* Input material:
=== Section Start ===
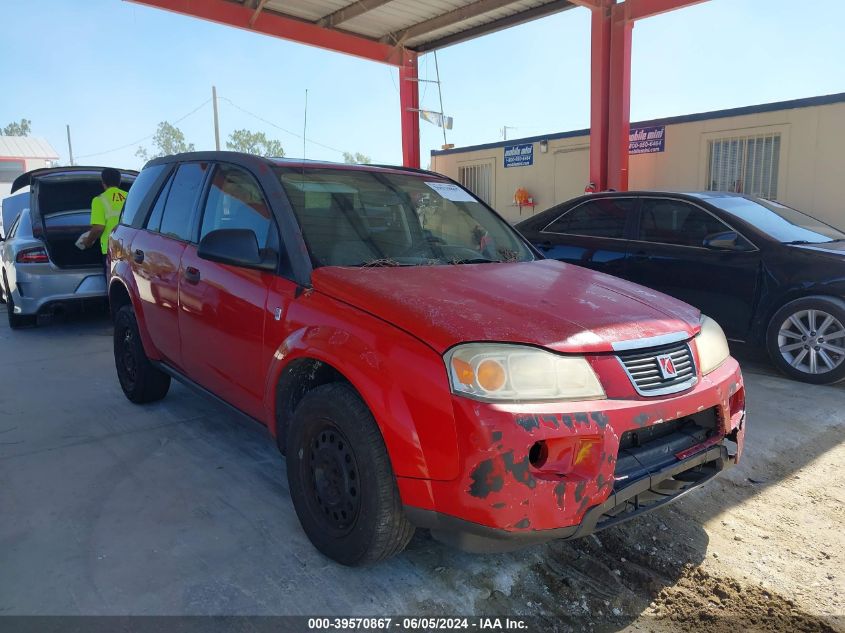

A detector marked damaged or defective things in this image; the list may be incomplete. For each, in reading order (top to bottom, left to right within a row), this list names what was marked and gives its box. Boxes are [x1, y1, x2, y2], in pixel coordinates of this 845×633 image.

damaged front bumper [398, 358, 744, 552]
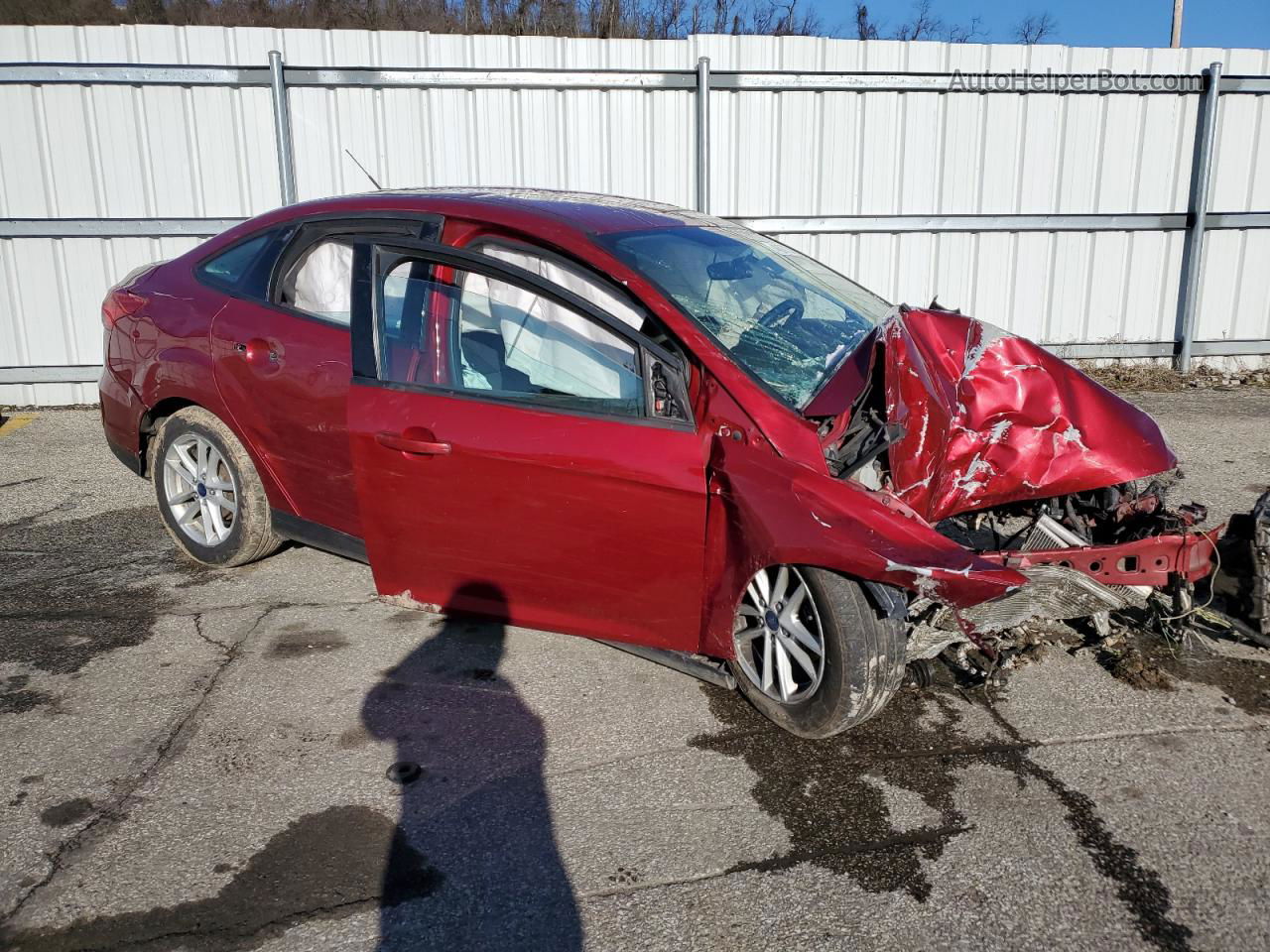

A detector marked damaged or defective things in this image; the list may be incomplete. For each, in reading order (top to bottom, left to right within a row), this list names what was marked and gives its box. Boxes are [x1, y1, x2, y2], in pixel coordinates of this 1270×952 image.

wrecked car [96, 187, 1218, 736]
cracked windshield [604, 225, 894, 409]
damaged hood [808, 310, 1173, 523]
torn sheet metal [808, 309, 1173, 525]
cracked asphalt [0, 396, 1264, 952]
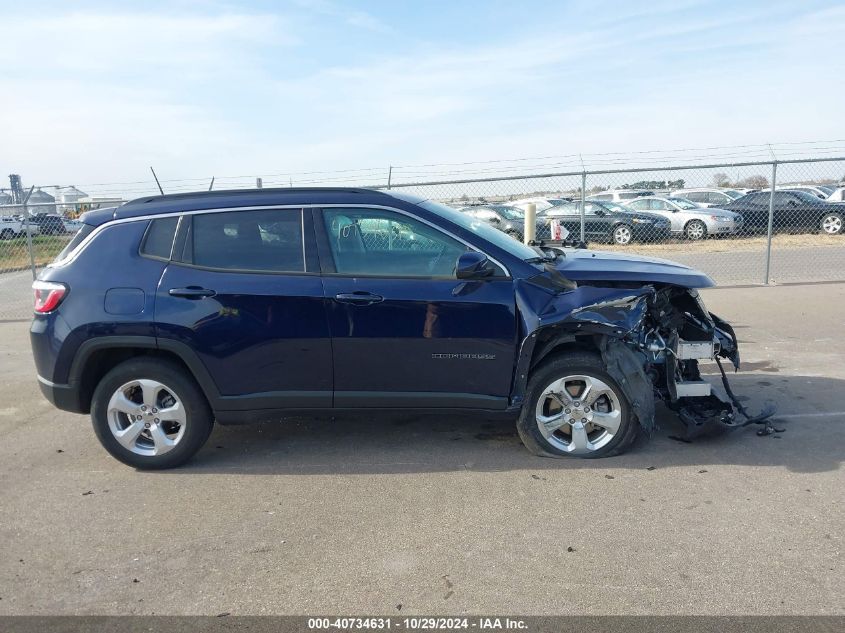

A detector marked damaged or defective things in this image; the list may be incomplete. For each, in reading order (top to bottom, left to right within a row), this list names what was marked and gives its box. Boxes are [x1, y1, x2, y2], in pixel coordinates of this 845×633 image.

wrecked vehicle [29, 185, 768, 466]
crumpled hood [552, 247, 716, 286]
severe front-end damage [512, 249, 776, 436]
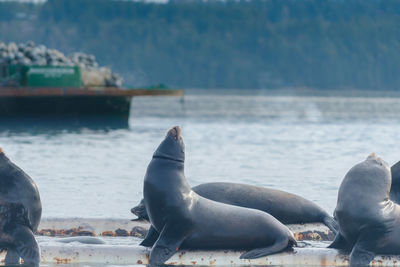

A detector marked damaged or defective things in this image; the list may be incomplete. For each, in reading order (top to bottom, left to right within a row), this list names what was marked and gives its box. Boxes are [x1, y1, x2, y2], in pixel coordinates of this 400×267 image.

rusty platform [0, 87, 183, 116]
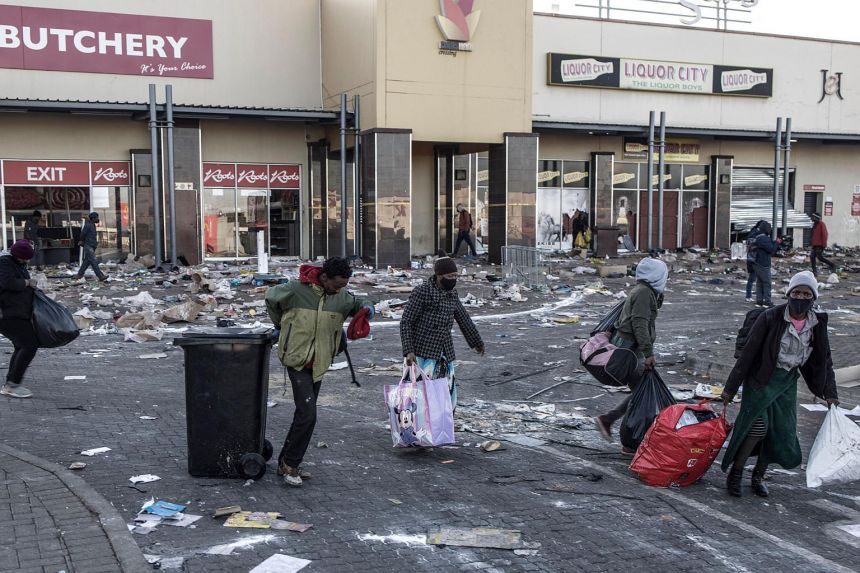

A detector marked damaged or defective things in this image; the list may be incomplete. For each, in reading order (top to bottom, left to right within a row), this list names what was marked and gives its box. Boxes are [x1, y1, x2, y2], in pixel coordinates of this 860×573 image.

damaged pavement [1, 247, 860, 572]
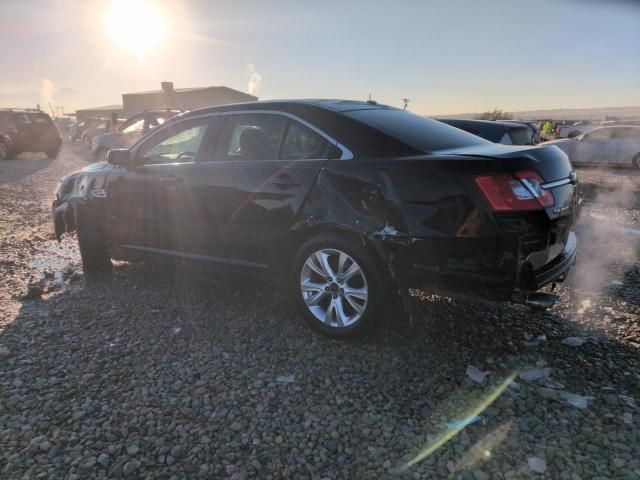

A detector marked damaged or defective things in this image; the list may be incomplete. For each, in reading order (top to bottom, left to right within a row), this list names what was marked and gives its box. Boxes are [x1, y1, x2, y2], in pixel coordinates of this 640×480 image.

exposed body damage [52, 99, 576, 336]
damaged black car [51, 98, 580, 338]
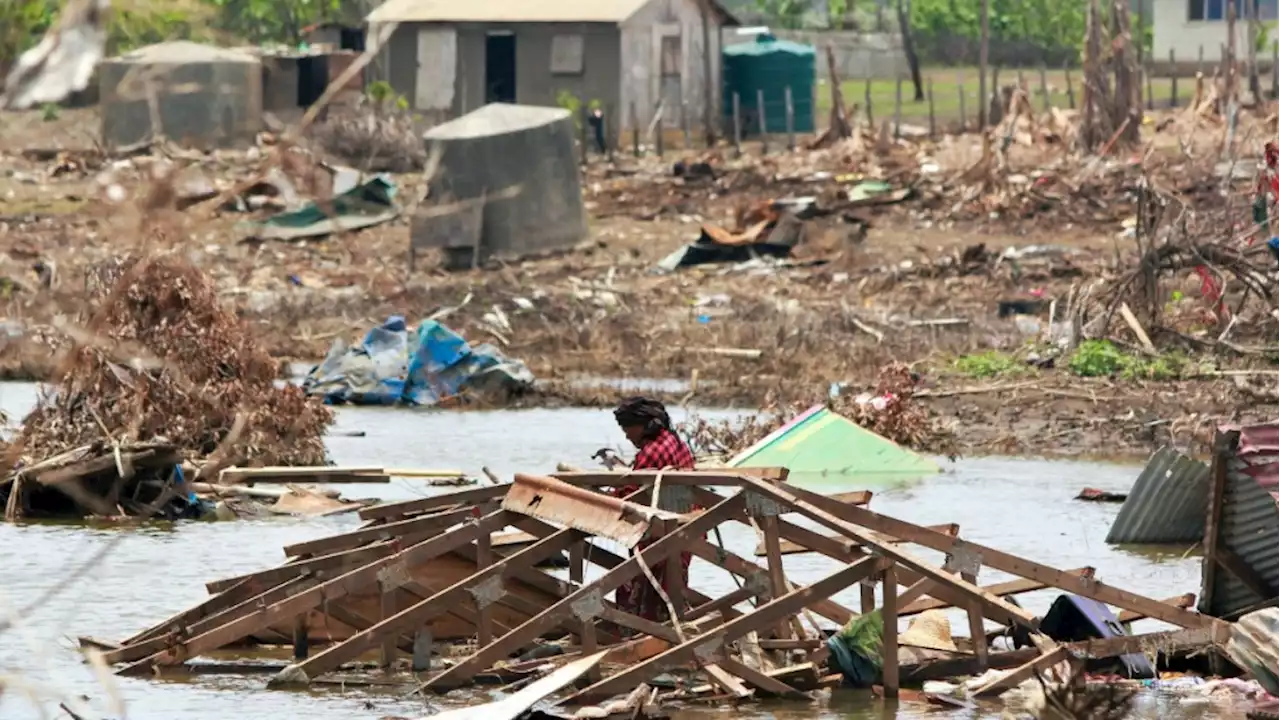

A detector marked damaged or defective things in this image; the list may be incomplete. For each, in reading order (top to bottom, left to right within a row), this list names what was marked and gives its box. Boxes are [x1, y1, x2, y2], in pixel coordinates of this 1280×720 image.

damaged house [364, 0, 736, 135]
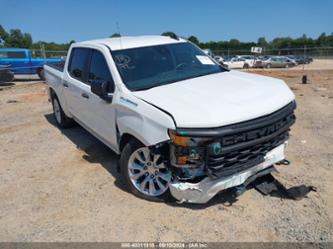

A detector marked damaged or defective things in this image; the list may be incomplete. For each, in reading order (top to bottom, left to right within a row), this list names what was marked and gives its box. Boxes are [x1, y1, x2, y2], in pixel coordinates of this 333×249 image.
=== Section End ===
* How to complete this task:
Repeat exactly the lines from the one containing "this 1280×720 image." to the last line of the data above, both included, and write no pictures into the copy.

* Response for this exercise:
A detector marked damaged or defective things in this image; the list may be incomplete. For each, in reading order (top to bottom, left to right within a row), this list names what was marked and gives its box. Boxes are [x1, y1, x2, y2], in pixel coordinates of this 1280×720 image.

damaged house [364, 0, 736, 135]

A detector marked damaged or defective things in this image; the list may be incomplete. For each, in reading order (top to bottom, left to right within a row), this list names what was marked and gives its box. Boxes are [x1, y1, x2, y2], in pixel coordinates of this 333×249 image.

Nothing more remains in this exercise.